Deep calls to deep.
Greatness attracts greatness.
Matlock has unlocked Idris’s joy-vault. That’s a good thing, because no lesser being than our favorite weirdo could summon Idris’s spark.
He may look like a flamin’ hot Dorito, but Idris pales in the face of his foes. That’s a shame, because Idris’s only foes are the trembly voices in his head, telling him the world is not a safe place. That goes double for Suite B (which is admittedly not a sane place, but it is no less safe for being happily unhinged).
To make matters worse, Idris’ green eyes are blind to his power. Idris is exquisitely adorable, possessed of superhero sweetness; he’s a heart-hero of Hulk proportions, with a soul stronger than Thor’s hammer; he shares his name with one of the coolest human beings ever to walk this earth. But no one gave him the memo that he’s a glorious being.
No, that’s not quite accurate. All of the humanbeans in three counties have given him that memo, repeatedly. We mush him and we smoosh him, we head-bonk him and we belly-rub him, we cuddle him and we sing at him and we take too many pictures of him, all in the name of singing back an old, true song he has forgotten.
Idris does not feel his glory.
At least, he didn’t.
Sometimes it takes an excruciatingly honest friend to make you see yourself. You know what I mean: this is the brave bonehead who will tell you when your breath smells like brussels sprouts, or your jokes are making his eyebrow twitch, or your thesis needs revision. This is also the friend who will tell you — albeit sparingly — that your earrings are fierce, or your essay is exquisite, or your kindness is your greatest strength…and you will believe him, because he is nothing if he is not true.
Matlock is that friend.
Matlock is not one for honey-drenching the truth. If he doesn’t dig you, he will let you know, with color and claws and chaos. This has earned him the distinction of being one of our orange-collared cats, too truth-telling not to warn people from a distance that the truth can cut.
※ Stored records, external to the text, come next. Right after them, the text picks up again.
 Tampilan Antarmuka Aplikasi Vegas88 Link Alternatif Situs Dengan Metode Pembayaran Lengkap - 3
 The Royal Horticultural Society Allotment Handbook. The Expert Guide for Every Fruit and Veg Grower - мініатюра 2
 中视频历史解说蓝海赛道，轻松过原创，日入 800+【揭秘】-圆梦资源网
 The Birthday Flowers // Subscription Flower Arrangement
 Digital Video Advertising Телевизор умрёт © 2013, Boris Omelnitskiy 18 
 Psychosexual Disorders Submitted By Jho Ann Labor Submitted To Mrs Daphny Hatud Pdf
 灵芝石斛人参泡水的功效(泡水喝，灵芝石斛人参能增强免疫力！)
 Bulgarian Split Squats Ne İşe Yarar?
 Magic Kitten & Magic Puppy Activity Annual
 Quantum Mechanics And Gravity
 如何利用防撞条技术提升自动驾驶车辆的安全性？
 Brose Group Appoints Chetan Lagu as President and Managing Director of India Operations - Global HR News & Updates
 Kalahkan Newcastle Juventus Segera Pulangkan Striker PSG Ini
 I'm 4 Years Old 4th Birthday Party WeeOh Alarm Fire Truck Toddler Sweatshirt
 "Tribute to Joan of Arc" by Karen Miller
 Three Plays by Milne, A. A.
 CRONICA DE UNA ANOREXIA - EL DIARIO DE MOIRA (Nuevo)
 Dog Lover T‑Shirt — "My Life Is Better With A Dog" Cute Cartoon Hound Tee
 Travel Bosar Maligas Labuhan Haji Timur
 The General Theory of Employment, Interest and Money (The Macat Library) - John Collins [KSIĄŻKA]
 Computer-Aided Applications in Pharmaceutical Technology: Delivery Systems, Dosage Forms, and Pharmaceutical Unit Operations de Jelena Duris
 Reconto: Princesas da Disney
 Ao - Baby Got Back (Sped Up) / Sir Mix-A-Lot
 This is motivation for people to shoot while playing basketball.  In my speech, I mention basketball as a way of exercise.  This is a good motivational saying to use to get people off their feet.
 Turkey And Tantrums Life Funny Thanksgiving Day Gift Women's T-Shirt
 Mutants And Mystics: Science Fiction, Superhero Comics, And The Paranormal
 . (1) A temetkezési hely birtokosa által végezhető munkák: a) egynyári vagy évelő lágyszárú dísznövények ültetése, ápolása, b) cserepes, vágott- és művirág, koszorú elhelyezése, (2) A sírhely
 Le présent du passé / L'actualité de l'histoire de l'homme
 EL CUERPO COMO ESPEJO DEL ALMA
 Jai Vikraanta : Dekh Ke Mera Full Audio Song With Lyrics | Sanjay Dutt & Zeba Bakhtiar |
But Matlock is also a true friend, one who loves for life and beyond walls. Case in point: he has been visibly pining for his best bro ever since the cheese slipped off Tabby’s Place’s cracker. Matlock’s soul brother Cheddar was adopted back in May 2018, and Matlock’s merriment has never returned to its peak-cheese levels.
At least, it hadn’t.
Enter one anxious, extraordinary orange individual: Idris Rosenberg.
Matlock is painfully choosy when it comes to chumming around, but when he met Idris, he saw the obvious: this was a guy full of glory. In a flash, a new best friendship was born, and flashes of orange frolicked through Suite B all day long. As he ran and romped and relished Matlock’s attention, Idris awoke to the most obvious thing in the world: he is a glorious being.
We don’t think it will take an adopter very long to see the truth about Idris. But for now, we’re just thrilled that he sees and feels and runs free in his own worth. May we all be unlocked by such a friend.